- Dennis Tan
Walks to get back to the Garden
Rain or Shine?
It was a drizzly morning. The pitter-patter of rain was all I could think about as I made my long commute over to Dairy Farm Nature Park. Were our walks going to be cancelled? How long should we wait?
But lo and behold, the drizzle ceased, and the first group met up. I breathed a sigh of relief as months of planning finally began to bear fruit. Our walks were finally going to begin!
These walks were meant to foster a sense of community among those of us who care for our natural environment, something we felt we really needed. It does get lonely at times to care for a cause many found easy to dismiss, especially in hot humid Singapore.
Besides community building, we understood that it was important to create an encounter with nature: how could we expect others to care for something that they did not know about? And how better but to show people the wonders that can be found around them? In a fast-paced society where we rarely pause and reflect, we wanted to craft out a space for all of us to stop and ponder on our place in the world.
As we are Christians, we chose the name A Walk in God’s Garden because we wanted to reflect the idea that all that exists around us is created by God and belongs to Him. We wondered what it would’ve been like if we were still in Eden: lush greenery, cool rivers, casually taking walks with God in the cool of the day – how amazing that would’ve been! Likewise, as we take the step to reconnect with nature and repair our broken relationship with our world, perhaps we can start to see the world around us as a new Eden. A beautiful garden where we are in commune with our Creator and the rest of his creation – where it is all very good.
Therefore, we planned the journey and wrote our scripts with this in mind, putting a uniquely Christian perspective on the usual nature walks we go for. We wanted to point our participants to our Creator, the issues that plague His world today, and what we as His Church can do about it.
The unexpected situation – and the lessons it taught us
With the rain gone, I had barely breathed a sigh of relief when Ann Shin, our team member guiding the first group, sent an SOS: most of her participants were not Christian!
(Later, we found out that this was due to some administrative settings in Eventbrite, leading to many signing up thinking that this would be a normal nature walk.) We started to panic a bit: we had planned the walk with a Christian audience in mind, meaning that we had to change our script and pivot the focus of our walk drastically – in a matter of minutes.
Yet through it all, it was a clear reminder that we were wholly dependent on God. Just as we wrote in our audio guide: “as much as we, human beings, like to think of ourselves as independent and self-sufficient, ultimately, we are dependent on God's provision.” Without Him giving us good weather and the wisdom and words to speak off-the-cuff that day, it wouldn’t have been successful.
But God had one more lesson in store for us. At the end of my group’s walk, I thanked them for coming and explained what we do at Creation Care SG. One of my participants piped up and shared that she thought it was “very good” that Christians were going out of their churches and doing all this. It was just a small comment – but it really impacted all of us.

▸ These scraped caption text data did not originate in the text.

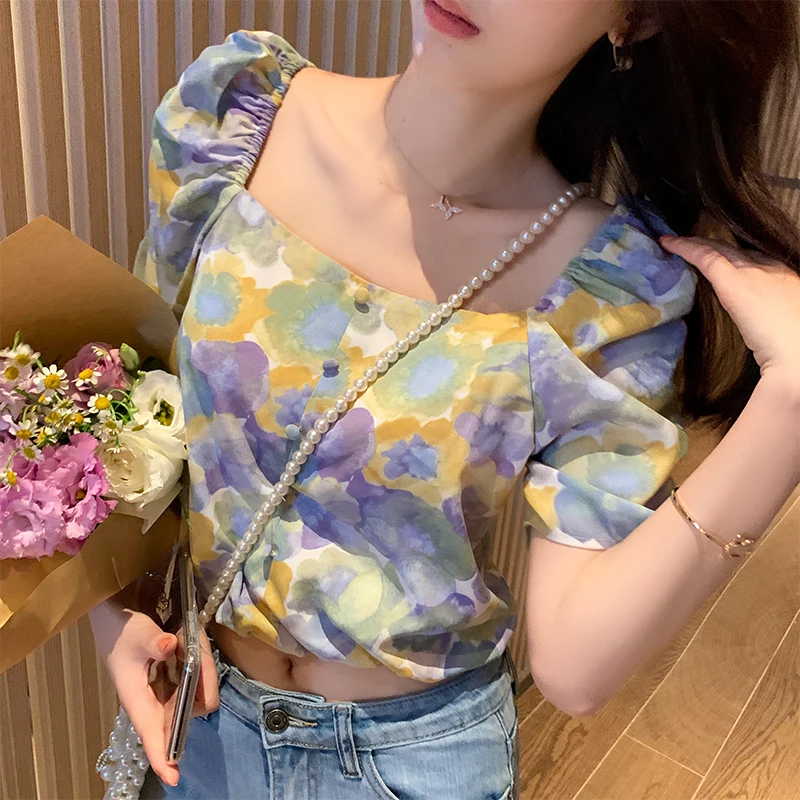 MISHOW 2020 летние новые женские короткие рубашки с цветочным принтом винтажные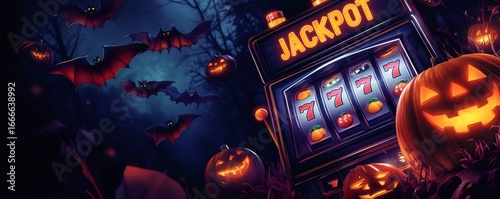 Halloween-themed slot machine displaying a jackpot with carved pumpkins and bats flying in a spooky forest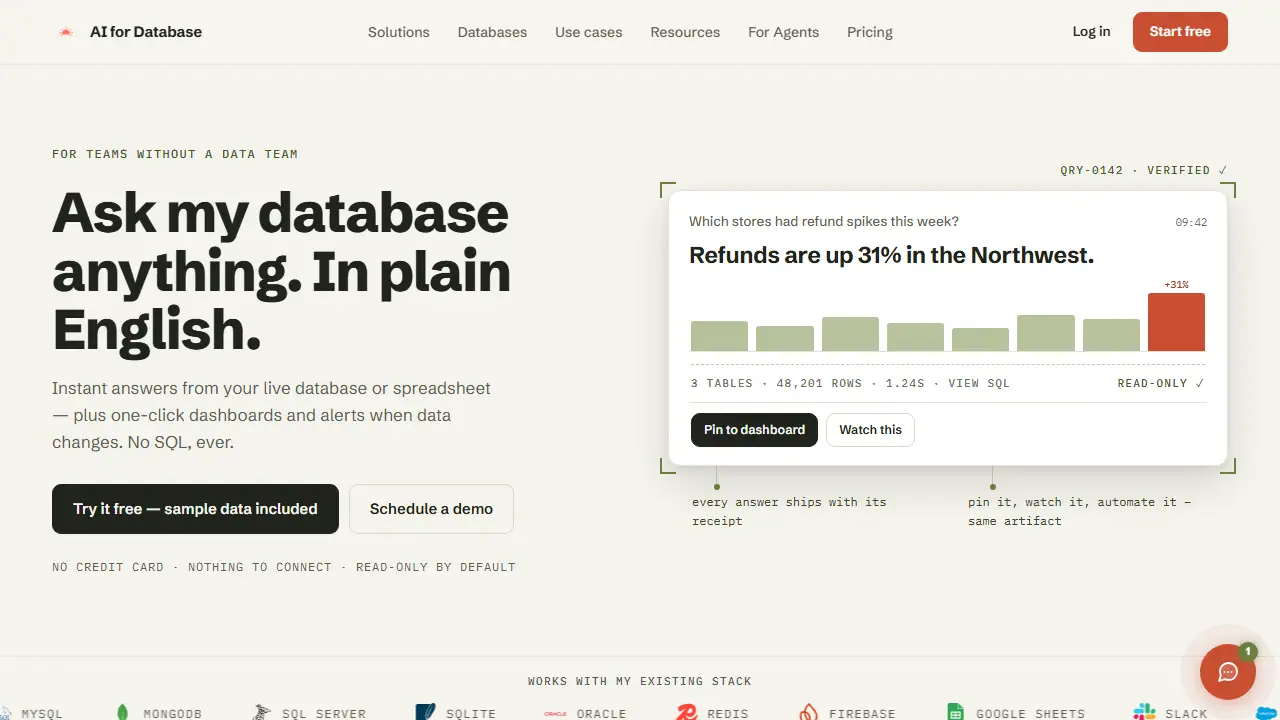 AI for Database - zrzut strony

In fact, I used to think of creation care as something that could only be done overseas, where there were deserts to green, soil plots to rejuvenate, or contaminated water sources to purify. But it struck me then that it wasn’t true – here was an opportunity that God had led us to!
We often think of walking with someone as metaphorical. But it can also be literal – by taking the time out to go on a walk with someone, we can learn more about them and learn from each other’s perspectives on the environmental crisis.
A slow walk, to savour nature, enjoy new conversations can in the end serve the larger cause of caring for what has been gifted to us.